Alexander Williams attends to his first client of the day at an upscale hair salon in Abuja. The 21Year old Liberian relocated to Nigeria two years ago in search of work.
“Before I decided to leave my country Liberia, it was really difficult because I really didn’t know anybody. I didn’t know where I was going at first. I had to make lots of research going through internet checking for the best place in Africa to go to. And I found out Nigeria was the best for me,” said Alexander Williams, migrant.
Williams represents a fast- growing young urban population in West Africa who have migrated to Nigeria in recent times. According to a recent report by the International Organization for Migration’s this is due to regional support towards the free movement of persons belonging to the Economic Community of West African States- ECOWAS. Like Nigeria, Cote d’Ivoire is the other popular destination currently hosting more than 2M immigrants.
So far this year over 15- thousand migrants have arrived in Nigeria from neighbouring countries, the highest number in a decade according to the IOM. Many migrants arrive with what they say is a hope and determination to gain skills for employment here, and improve their economic status. But migrants like Alex admit transition hasn’t always been easy.

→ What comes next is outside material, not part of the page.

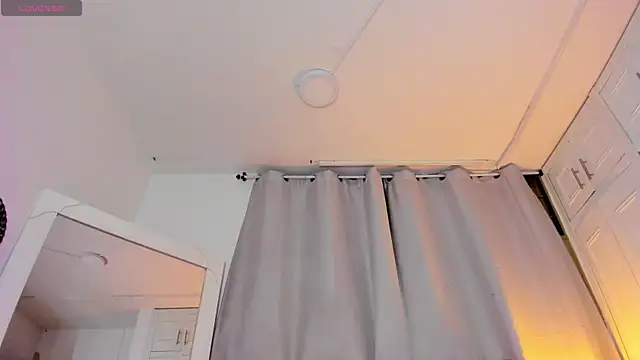 Cassandra Hunt online show from 05-30-26, 04:08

But it’s never easy…The immigrants say mobility can often increase vulnerability to labour exploitation and even domestic servitude.
“I had challenges because some countries accepted a passport, and I didn’t have it. I had to work some places to raise money, it was really difficult at some point…our car broke down. I can remember it now… because I told myself I’ll never go through this journey again,” said Alexander Williams.
Rights groups say there is a growing backlash to open borders. With its population of 180M and an economy on the rebound Nigeria’s resources are already stretched. And combating Human trafficking is a major challenge.
“Yes circumstances have forced them out of their homes; they’ve left all they have behind. Should they lose their freedom as well, it’s against human rights law; you cannot keep people locked up. Whats their legal status, are they detainees or criminals- if not they should go out,” said Mausi Segun, Human Rights Watch.
Still for people like Alexander Williams the journey is worthwhile. He now has a job, that supports him and his family back at home in Liberia. And for now that’s all that matters.